(Records from a collection)
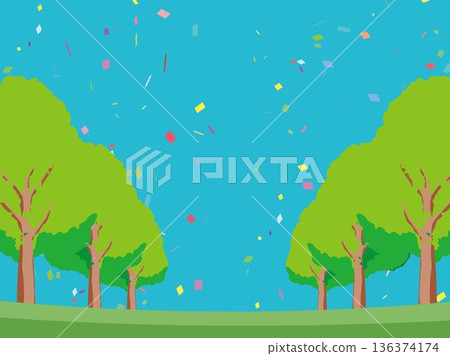 樹、自然、秋天、風景、背景、插畫、樹木、植物、黃色、森林、樹葉 136374174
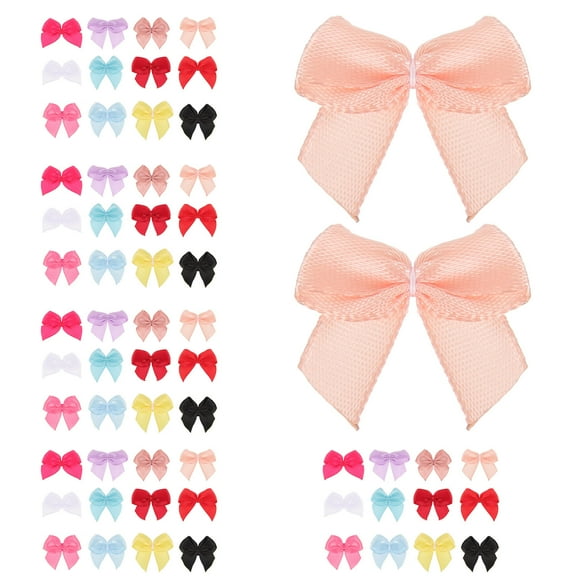 RENACLIPY 250pcs Mini Satin Bows Assorted Color Embellishment for Cards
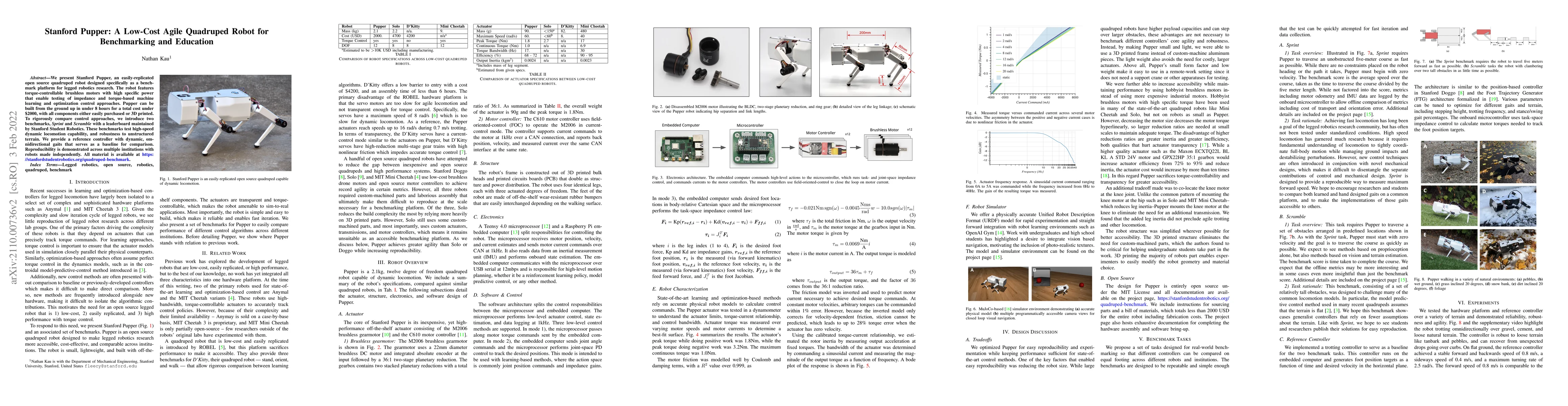Thumbnail for Stanford Pupper: A Low-Cost Agile Quadruped Robot for Benchmarking and
  Education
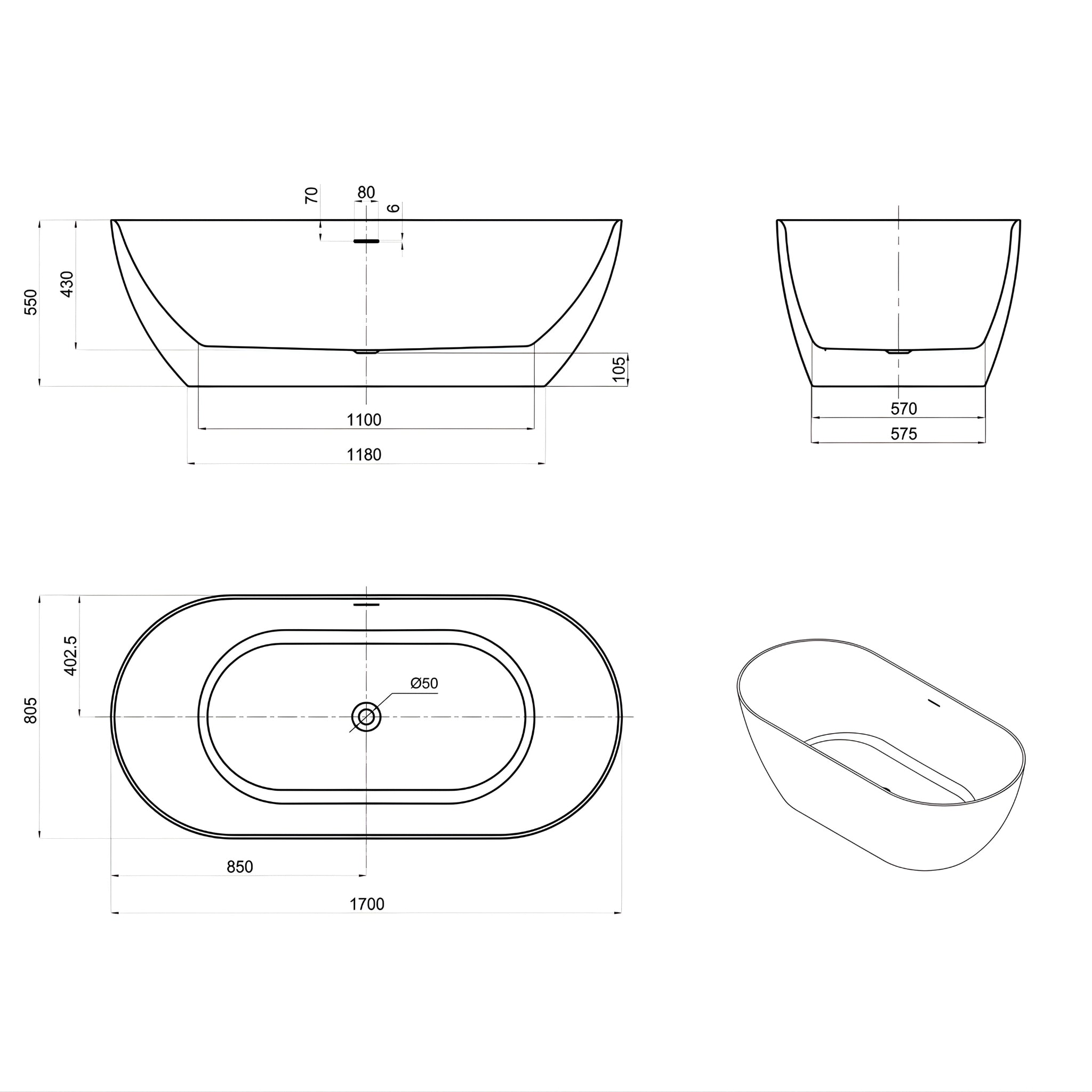 ATTICA MANOLO FREE STANDING OVERFLOW BATHTUB GLOSS WHITE (AVAILABLE IN 1500MM AND 1700MM)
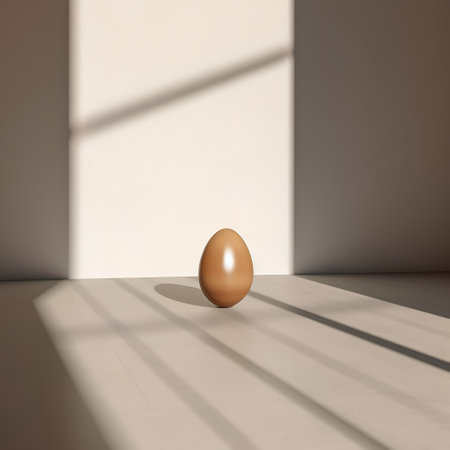 3d render of an egg in a room with sunlight and shadowsの素材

→ **PROMPT**
A verbatim reproduction of each entry is expected, with every picture omitted.

→ **ANSWER BOX**
 樹、自然、秋天、風景、背景、插畫、樹木、植物、黃色、森林、樹葉 136374174
 RENACLIPY 250pcs Mini Satin Bows Assorted Color Embellishment for Cards
Thumbnail for Stanford Pupper: A Low-Cost Agile Quadruped Robot for Benchmarking and
  Education
 ATTICA MANOLO FREE STANDING OVERFLOW BATHTUB GLOSS WHITE (AVAILABLE IN 1500MM AND 1700MM)
 3d render of an egg in a room with sunlight and shadowsの素材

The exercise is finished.